À neuf heures trente, nous partons vers le canal, Charles et moi, et nous affrétons une barque. Douze mille kyats pour la journée, je trouve cela fort correct. Pas la peine de marchander, le prix est fixe. Charles n'écoute même pas le responsable de l'embarcadère qui nous explique où nous allons aller, il veut visiter des endroits où il n'y a aucun touriste. C'est possible, bien sûr, mais comme les endroits intéressants sont inévitablement touristiques, cela nous mènerait à louvoyer entre les jardins flottants et les pieds de tomates. Nous partons sur le canal, entouré de mouettes qui s'approchent en vol serré, jusqu'à nous frôler. C'est impressionnant, je ne peux m'empêcher de penser au film "les oiseaux" de Hitchkock. Nous débouchons dans la vaste étendue du lac. À l'horizon, les montagnes forment une ceinture bleutée. Quelques barques à moteur, suivies de leur panache d'écume blanche sillonnent les eaux glauques. Deux piroguiers sur leur frêle esquif rament en se servant de leur jambe. Ils se tiennent sur un pied, sur un plat-bord à l'arrière de leur petite embarcation, et avec leur jambe, ils entourent leur rame. Cette façon de se déplacer sur l'eau est unique au monde. Elle pourrait sembler mal commode, mais elle permet de garder une main libre pour poser une nasse en entonnoir sur un endroit supposé poissonneux, sans avoir besoin de s'arrêter. Ensuite, le pêcheur agite un trident par l'ouverture du sommet, non pas pour harponner le poisson pris, mais pour l'effrayer et le faire fuir vers les parois de la nasse. Il laisse alors descendre le filet qui emprisonne les poissons. Ce système permet de ne pas les blesser et de pouvoir les placer dans des enclos où on les nourrira d'herbes pour leur permettre de grossir et de devenir vendables. Tout cela est bien curieux, des pêcheurs qui rament avec la jambe, des poissons qui mangent de l'herbe... Je reviens sur ce que j'ai dit ce matin : les Birmans n'ont peut-être pas inventé l'eau tiède, mais ils ont inventé bien d'autres choses. Et c'est pour cela qu'un voyage ici est très intéressant : on va de surprise en surprise.

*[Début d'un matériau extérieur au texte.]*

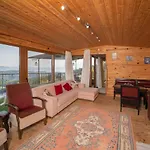 Goecek Tiny House Bungalow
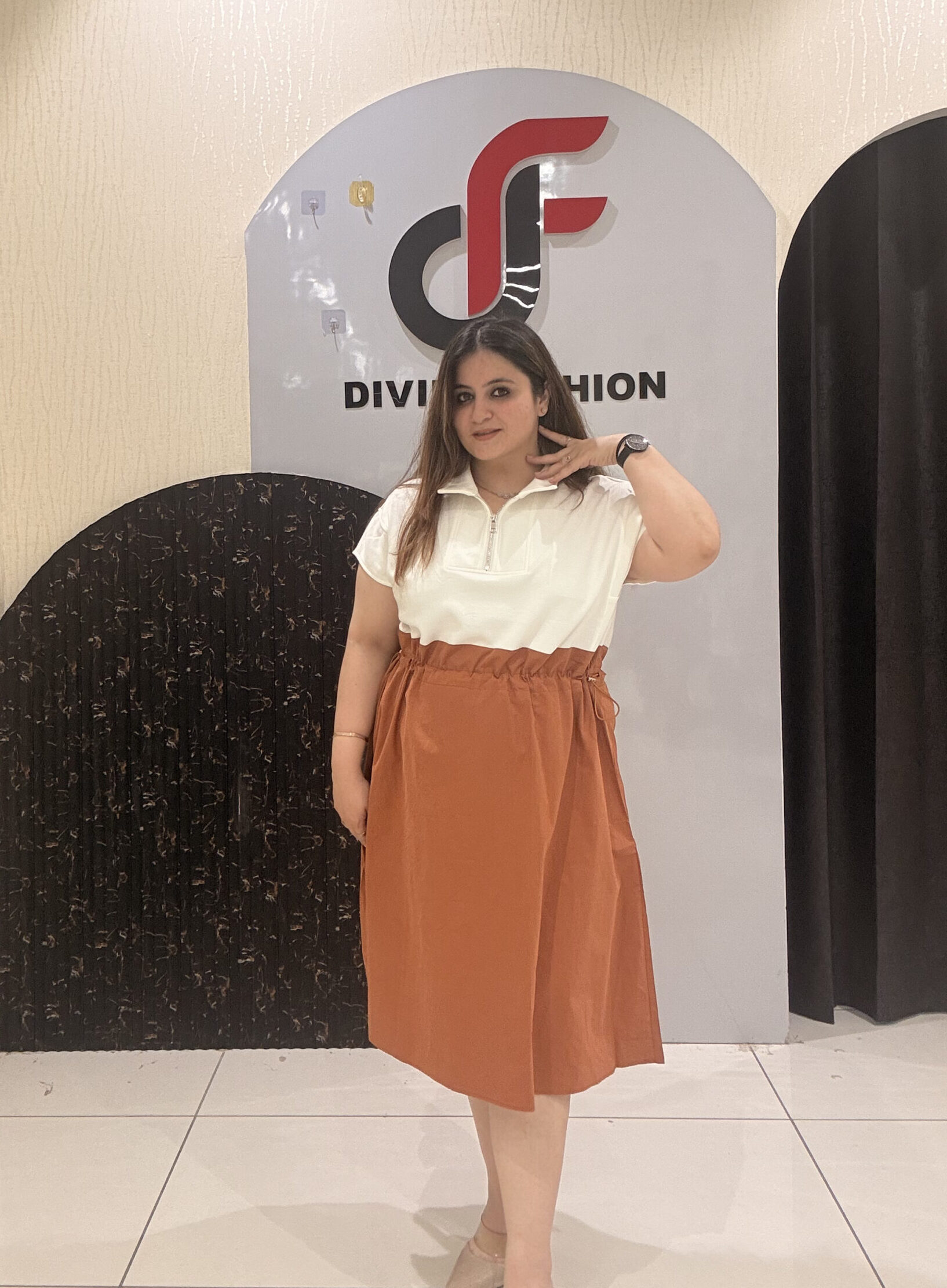Elegant Gathered Waist Midi Skirt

Charles photographie, peste contre notre batelier qui se place mal par rapport au soleil ( moi, je trouve au contraire que le contre-jour est beaucoup plus artistique pour ce genre de vues ). Nous passons devant des hôtels de luxe déserts. Le tourisme de luxe ne marche pas ici. Les quelques millionnaires birmans n'osent peut-être pas encore afficher leur richesse dans leur pays exsangue, et les voyagistes étrangers n'ont pas encore mis le Myanmar à leur programme. S'il n'y avait pas l'embargo, et si le régime politique était autre que celui d'aujourd'hui, peut-être que ce serait différent ? Charles veut aller dans les villages que l'on aperçoit sur le rivage. Il devient agressif avec le pauvre batelier qui ne comprend pas grand-chose à son langage et encore moins à son attitude. J'ai honte de me trouver avec un tel olibrius. Ce qui me réconforte, c'est que je me fais agresser moi aussi, parce que je veux visiter une fabrique de bijoux en argent ; ainsi, le batelier comprend que je ne suis pas complice de ce malotru. Il en est ainsi jusqu'à treize heures, puis quand je fais remarquer à Charles qu'il est asocial et caractériel, il reste muet, puis quelques instants plus tard, il redevient aimable et s'excuse. Malheureusement, son mauvais caractère reviendra me gâcher la fin de l'excursion. Quand nous revenons à Nyaungshwe, je me sens tout à fait soulagé. Je ne parle même pas des lieux que nous avons vus, nous l'avons fait dans de si mauvaises conditions que je compte sur la journée de demain pour visiter.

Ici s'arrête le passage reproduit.